Interview de Marc Barennes : Référendaire au Tribunal de l’Union européenne

Formation :

  • Maîtrise à l’Université Panthéon-Sorbonne.
  • DEA à l’Université Montpellier 1 en Droit des affaires et de la concurrence.
  • Stage au Conseil de l’UE d’une durée de 5 mois.
  • Stage à la DG Concurrence de la Commission d’une durée de 9 mois.
  • Stages en cabinets parisiens de droit des affaires.
  • M. à l’Université de Northwestern à Chicago.
  • Barreau de New-York

Carrière :

  • Collaborateur au sein d’un cabinet d’avocats américain à Bruxelles en droit de la concurrence.
  • Agent à la DG Concurrence de la Commission européenne
  • Référendaire au Tribunal de l’Union européenne dans les cabinets de la juge finlandaise puis estonienne.
  • Référendaire au Tribunal de l’Union européenne dans le cabinet de la juge croate actuellement.
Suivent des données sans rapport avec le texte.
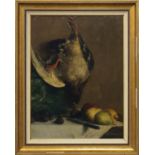 Alfred Verhaeren Belgian 1849-1924- Still life with two mallards, pears, fruit and a knife on a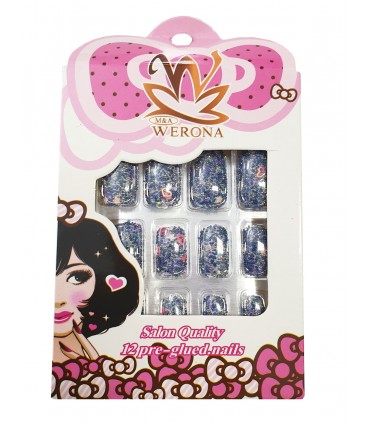 ناخن مصنوعی ژله ای بزرگسال Verona طرح پولکی شماره 3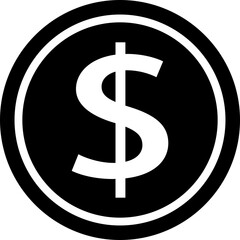 Doller currency icon in flat, line. isolated on transparent background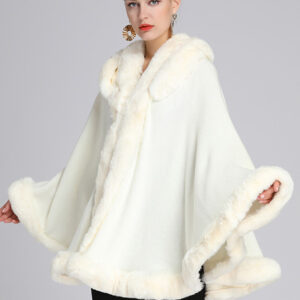 Christmas Cloak Cape Faux Fur Hooded Poncho Coat For Women 2024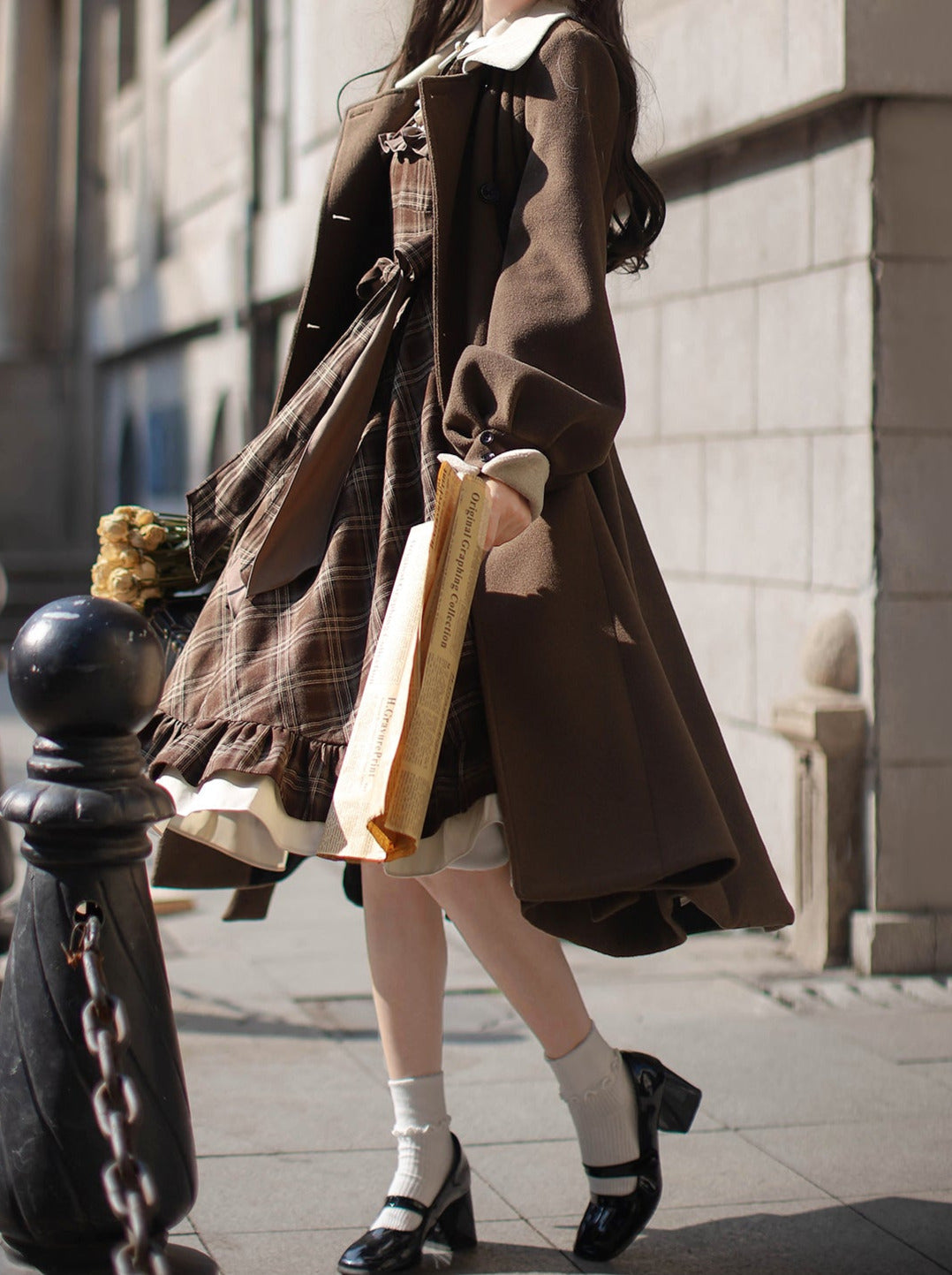 Retro Brown Plaid Volume Sleeveless Layered Dress + Pearl Ribbon Accessory + Classic Belt Coat [pre-order]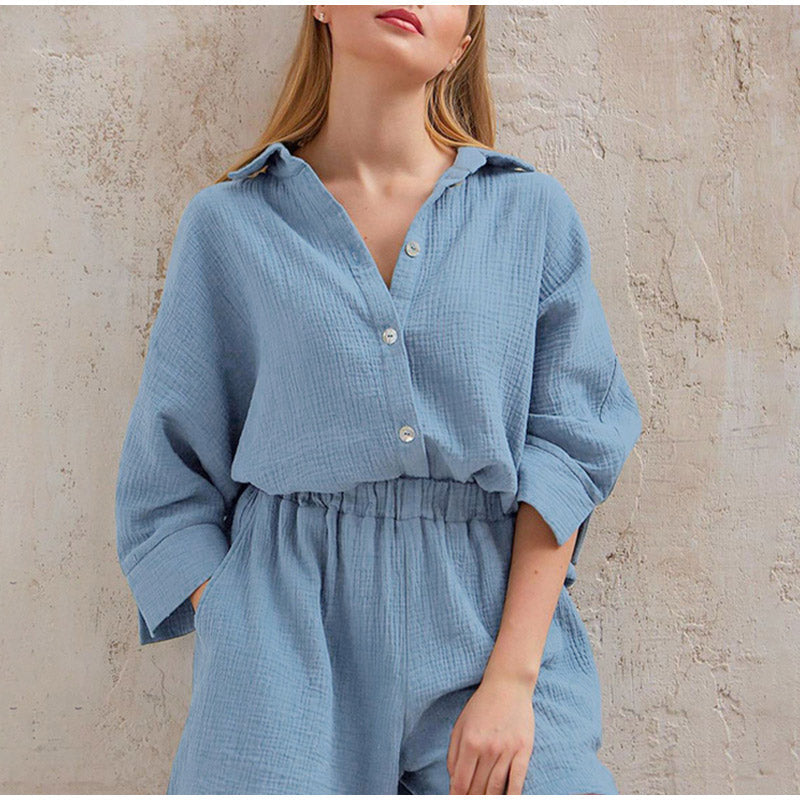 Valenzora LINEN TWO-PIECE SUMMER SET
Le Petit Juriste : En quoi consistait votre travail à la Commission européenne ?  

Marc Barennes : Après un peu moins d’un an en tant que collaborateur d’un cabinet d’avocats à Bruxelles dans lequel j’étais occupé principalement à notifier des concentrations, et avoir réussi l’examen d’avocat au Barreau de New-York, j’ai rejoint la Commission après avoir passé un panel. Le chef d’unité avec lequel j’avais fait mon stage recherchait un professionnel intéressé à participer à la lutte contre les cartels et à développer en particulier le nouveau programme de clémence que la Commission avait adopté dans ce cadre.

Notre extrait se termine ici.